Photo: Mill Valley, Californie, États-Unis d'Amérique. Emilce Giardino / Unsplash - CC.
Photo: Mill Valley, Californie, États-Unis d'Amérique. Emilce Giardino / Unsplash - CC.

« Roadtrip » chez les chrétiens d’Amérique

Pour tout chrétien marri et mortifié par la déchristianisation de l’Occident, le phénomène des églises en croissance a de quoi surprendre, fasciner, puis ébaudir. À contrecourant des tendances prévalant par exemple en France, où la pratique dominicale est au plus bas (seulement 3% des baptisés vont à la messe le dimanche), il interpelle ceux des fidèles qui, à l’instar d’Agathe et Jean-Baptiste Bonavia, rêvent d’une Église florissante, en mesure de répandre la bonne odeur du Christ entre ses murs d’abord, et ensuite au-delà. Compte-rendu de In Church we trust.

Ayant ouï parler de la vitalité et du dynamisme missionnaire de certaines églises américaines catholiques et évangéliques, ce couple de jeunes Français, fervents pratiquants et fraichement mariés, s’est offert un voyage de noces original. Pour souligner la fondation sacramentelle de leur amour, les Bonavia auraient pu choisir d’aller se la couler douce aux Seychelles ou à Bora Bora, mais ç’aurait été d’un tel conformisme! Alors non merci.

Ils ont plutôt opté pour un voyage de 32 000 km en Dodge Caravan aux États-Unis. Leur but était de voir de près les bonnes pratiques en usage dans les communautés chrétiennes les plus vibrantes d’Amérique. Au retour de leur périple de plusieurs mois, ils ont pris le temps de faire part de leurs découvertes dans In Church we trust (Artège, 2018), un petit bouquin qui invite à se laisser inspirer par l’exemple du meilleur christianisme américain.
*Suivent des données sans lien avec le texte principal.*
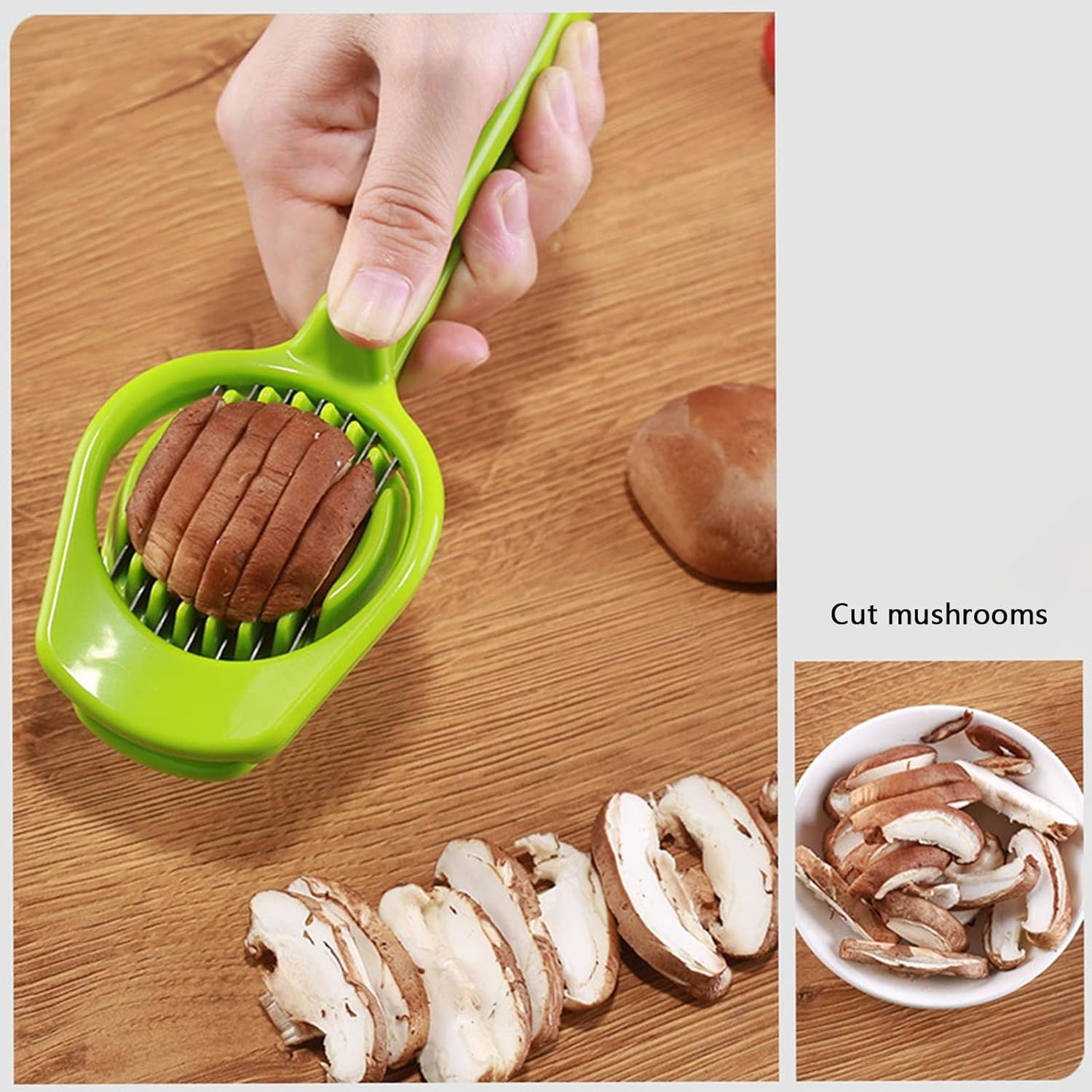 Multipurpose Slicer with Seven Blades, Egg Slicers Stainless Slicer, Strawberry, Tomato, Kiwi, Fruit Cutter, Divider Separator - infinityexculsivestore.com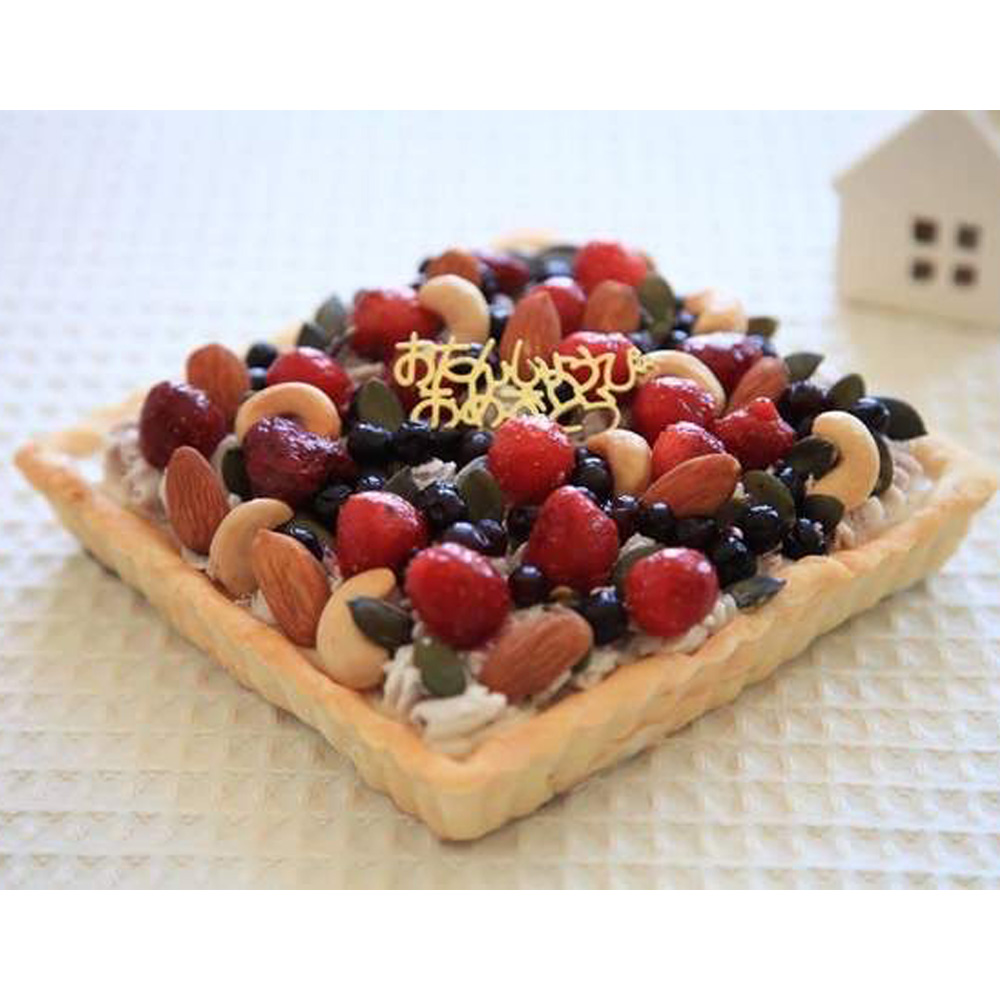 【冷凍便】スクエアケーキ（お誕生日・クリスマス・記念日に）の画像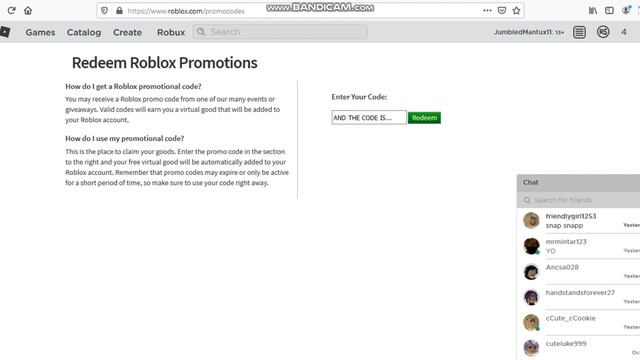 NEW PROMO CODE GIVES YOU FREE 1000 ROBUX IN ROBLOX (1000 ROBUX) (2021)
De véritables églises en sortie

Le livre se présente comme une sorte de long reportage divisé en deux parties. La première concerne la vie des paroisses et fait état des initiatives, choix stratégiques, pratiques pastorales et techniques managériales à l’origine du dynamisme des milieux visités. La seconde expose quelques-unes des voies empruntées par les communautés paroissiales pour être de véritables églises en sortie, témoignant de l’amour du Christ dans le monde.

Ce qui a d’abord frappé les jeunes époux en voyage d’exploration aux États-Unis, c’est le degré de professionnalisme des équipes pastorales chargées d’animer la vie paroissiale. Ce professionnalisme se manifeste non seulement dans l’accomplissement des tâches proprement pastorales (liturgie, formation à la vie chrétienne, œuvres caritatives, etc.), mais aussi dans la gestion des ressources humaines et financières des communautés.

L’essor des paroisses s’explique toujours, en dernière analyse, par la vie de la grâce.

Certes, l’essor des paroisses s’explique toujours, en dernière analyse, par la vie de la grâce, et nul témoin interrogé par le couple français ne l’ignore (l’un plante et l’autre arrose, mais c’est Dieu qui fait croitre). Toutefois, nul non plus ne doute qu’il faille emprunter à la culture organisationnelle du monde du travail, axée sur l’efficacité, les principes et les méthodes qui permettent à des dirigeants compétents de faire progresser leur organisation.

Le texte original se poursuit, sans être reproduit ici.